The object of The Eve is an idea; that you could make elaborate plans for a wedding and still end up not getting married. It’s not unusual: it happened in Isoken, (which actually had something to say), but The Eve is one of those movies where the idea is the story (nothing is fleshed out).
With the benefit of hindsight, the hint that this was the umpteenth Nigerian Movie about the Marriage Proposal in the space of 24 months should have prompted the debate: What is it going to say?
SO, BRIEFLY, THESE FOUR HANDSOME YOUNG men head to a seaside retreat two days before the scheduled wedding of one of them. What follows is not only designed in the mould of those American movies in which “shit” happens in some holiday retreat in the couple of days before the Wedding, but there’s heavy copy catting.
The eruption into Acapella singing by the four friends mimic the bonding rituals of characters in African American movies; the first conversation between Alero (Meg Otanwa) and the scheduled groom, Funso (Adeolu Adefarasin) references the tired comparison between the Superman and the Batman and there are hardly any memorable scenes in the entire Bachelor’s Eve party other than sketches of the peccadilloes of Austin (Mawuli Gavor) and, of course Funso being caught pants down, live on skype, by the bride-to-be.

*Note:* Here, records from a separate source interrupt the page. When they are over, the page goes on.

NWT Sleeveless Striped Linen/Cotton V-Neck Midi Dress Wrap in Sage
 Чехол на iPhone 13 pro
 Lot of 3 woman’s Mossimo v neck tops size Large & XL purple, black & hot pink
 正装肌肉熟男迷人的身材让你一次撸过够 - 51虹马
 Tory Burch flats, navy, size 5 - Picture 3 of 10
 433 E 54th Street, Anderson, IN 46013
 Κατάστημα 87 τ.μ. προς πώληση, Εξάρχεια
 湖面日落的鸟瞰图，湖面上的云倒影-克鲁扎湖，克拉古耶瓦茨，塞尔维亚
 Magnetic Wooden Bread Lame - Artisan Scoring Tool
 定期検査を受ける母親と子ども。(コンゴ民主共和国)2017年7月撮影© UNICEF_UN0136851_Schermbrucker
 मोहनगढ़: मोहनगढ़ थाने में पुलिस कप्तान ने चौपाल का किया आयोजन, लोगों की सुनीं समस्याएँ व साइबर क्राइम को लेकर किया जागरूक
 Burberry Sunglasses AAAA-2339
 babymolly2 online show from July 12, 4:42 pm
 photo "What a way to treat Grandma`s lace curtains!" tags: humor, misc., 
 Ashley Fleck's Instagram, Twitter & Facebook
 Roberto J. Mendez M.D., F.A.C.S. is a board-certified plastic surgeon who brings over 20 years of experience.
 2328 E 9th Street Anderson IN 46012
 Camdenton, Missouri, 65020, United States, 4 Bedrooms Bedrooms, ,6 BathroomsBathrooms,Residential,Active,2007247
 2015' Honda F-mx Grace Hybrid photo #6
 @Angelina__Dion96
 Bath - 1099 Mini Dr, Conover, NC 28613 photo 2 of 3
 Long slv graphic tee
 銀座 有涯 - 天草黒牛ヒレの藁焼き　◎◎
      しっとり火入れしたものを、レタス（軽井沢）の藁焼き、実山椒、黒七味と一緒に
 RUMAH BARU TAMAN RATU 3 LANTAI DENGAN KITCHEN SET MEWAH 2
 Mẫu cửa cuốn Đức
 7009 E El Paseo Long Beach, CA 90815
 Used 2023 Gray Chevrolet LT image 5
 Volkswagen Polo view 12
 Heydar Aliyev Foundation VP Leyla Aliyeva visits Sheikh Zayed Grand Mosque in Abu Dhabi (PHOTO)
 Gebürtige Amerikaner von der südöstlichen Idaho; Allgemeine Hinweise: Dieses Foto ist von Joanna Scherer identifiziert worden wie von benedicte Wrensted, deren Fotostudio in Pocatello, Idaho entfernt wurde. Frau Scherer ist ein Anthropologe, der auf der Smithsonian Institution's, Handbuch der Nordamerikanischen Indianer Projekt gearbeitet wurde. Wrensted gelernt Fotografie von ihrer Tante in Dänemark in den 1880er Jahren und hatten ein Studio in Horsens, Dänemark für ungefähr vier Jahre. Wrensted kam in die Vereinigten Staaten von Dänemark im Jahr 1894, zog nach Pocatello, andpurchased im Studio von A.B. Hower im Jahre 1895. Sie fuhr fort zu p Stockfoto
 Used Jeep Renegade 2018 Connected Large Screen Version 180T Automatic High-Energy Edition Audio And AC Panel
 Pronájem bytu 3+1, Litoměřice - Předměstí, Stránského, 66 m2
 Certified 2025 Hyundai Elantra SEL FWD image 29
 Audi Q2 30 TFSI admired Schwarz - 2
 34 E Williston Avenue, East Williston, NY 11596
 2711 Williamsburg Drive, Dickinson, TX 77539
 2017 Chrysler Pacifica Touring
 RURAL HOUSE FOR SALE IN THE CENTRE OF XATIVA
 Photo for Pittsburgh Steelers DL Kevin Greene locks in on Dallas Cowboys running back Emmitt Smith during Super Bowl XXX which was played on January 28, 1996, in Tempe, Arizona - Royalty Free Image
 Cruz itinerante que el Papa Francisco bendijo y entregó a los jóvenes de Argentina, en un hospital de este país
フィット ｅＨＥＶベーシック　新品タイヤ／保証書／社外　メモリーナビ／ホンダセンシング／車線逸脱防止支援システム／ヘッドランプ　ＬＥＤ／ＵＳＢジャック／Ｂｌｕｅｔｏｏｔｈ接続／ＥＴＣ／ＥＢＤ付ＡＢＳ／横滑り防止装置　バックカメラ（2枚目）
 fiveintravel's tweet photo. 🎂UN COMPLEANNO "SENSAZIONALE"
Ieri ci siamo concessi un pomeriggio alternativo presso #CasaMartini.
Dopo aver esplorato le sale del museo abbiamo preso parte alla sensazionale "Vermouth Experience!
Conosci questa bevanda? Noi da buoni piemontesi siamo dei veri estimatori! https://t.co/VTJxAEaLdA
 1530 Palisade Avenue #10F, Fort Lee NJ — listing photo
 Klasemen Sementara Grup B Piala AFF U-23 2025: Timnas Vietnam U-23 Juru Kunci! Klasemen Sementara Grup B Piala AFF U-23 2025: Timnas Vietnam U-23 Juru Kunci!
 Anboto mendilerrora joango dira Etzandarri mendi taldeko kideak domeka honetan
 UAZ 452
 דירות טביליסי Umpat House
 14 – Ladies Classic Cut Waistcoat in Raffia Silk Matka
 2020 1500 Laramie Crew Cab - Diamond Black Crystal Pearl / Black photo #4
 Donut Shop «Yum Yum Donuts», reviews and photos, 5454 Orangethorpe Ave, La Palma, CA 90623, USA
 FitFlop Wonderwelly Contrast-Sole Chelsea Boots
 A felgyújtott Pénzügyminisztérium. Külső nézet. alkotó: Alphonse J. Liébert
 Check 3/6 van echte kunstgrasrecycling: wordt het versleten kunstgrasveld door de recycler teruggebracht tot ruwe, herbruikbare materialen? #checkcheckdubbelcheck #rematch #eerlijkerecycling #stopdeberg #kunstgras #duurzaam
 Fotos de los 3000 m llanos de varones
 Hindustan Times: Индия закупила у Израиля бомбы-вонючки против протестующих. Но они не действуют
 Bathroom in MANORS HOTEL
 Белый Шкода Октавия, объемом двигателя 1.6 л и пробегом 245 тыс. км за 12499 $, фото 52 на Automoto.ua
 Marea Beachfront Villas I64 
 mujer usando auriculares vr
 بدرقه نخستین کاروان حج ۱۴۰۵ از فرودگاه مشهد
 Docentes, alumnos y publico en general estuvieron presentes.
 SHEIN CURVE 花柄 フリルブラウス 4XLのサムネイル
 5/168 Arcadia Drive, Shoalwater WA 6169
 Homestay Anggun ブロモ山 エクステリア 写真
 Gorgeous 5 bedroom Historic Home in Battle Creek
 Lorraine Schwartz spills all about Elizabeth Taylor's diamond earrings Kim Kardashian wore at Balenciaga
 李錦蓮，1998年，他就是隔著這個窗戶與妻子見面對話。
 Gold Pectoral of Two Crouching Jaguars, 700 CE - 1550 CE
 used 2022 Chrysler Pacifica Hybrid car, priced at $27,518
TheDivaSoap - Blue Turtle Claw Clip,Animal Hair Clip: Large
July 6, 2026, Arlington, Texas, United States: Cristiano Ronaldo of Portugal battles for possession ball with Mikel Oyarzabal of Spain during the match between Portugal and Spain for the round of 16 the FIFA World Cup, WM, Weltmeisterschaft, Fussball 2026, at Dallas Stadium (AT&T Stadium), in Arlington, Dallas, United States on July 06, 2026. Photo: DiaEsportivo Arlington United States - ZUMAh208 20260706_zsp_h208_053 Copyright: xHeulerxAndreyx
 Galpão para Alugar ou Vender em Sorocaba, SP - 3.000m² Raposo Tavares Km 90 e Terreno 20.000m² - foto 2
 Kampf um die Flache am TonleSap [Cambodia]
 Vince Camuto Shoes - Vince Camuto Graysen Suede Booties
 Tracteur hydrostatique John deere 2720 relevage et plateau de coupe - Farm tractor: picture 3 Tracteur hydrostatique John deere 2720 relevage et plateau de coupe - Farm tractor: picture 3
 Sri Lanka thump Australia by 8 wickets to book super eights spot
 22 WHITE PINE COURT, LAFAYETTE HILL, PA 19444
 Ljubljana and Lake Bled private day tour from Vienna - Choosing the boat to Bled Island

Conversations allow us to get a sense of the back story, to gain insight into characters, and to empathise with them. But the director of this movie doesn’t allow conversations.
“I was the one that burned down the school, not him”, Funso confides to a friend, in one of the several vapid scenes. But how? why? No one asks. It is clear that The Eve needed to have had a robust script conference/workshop before the move to location.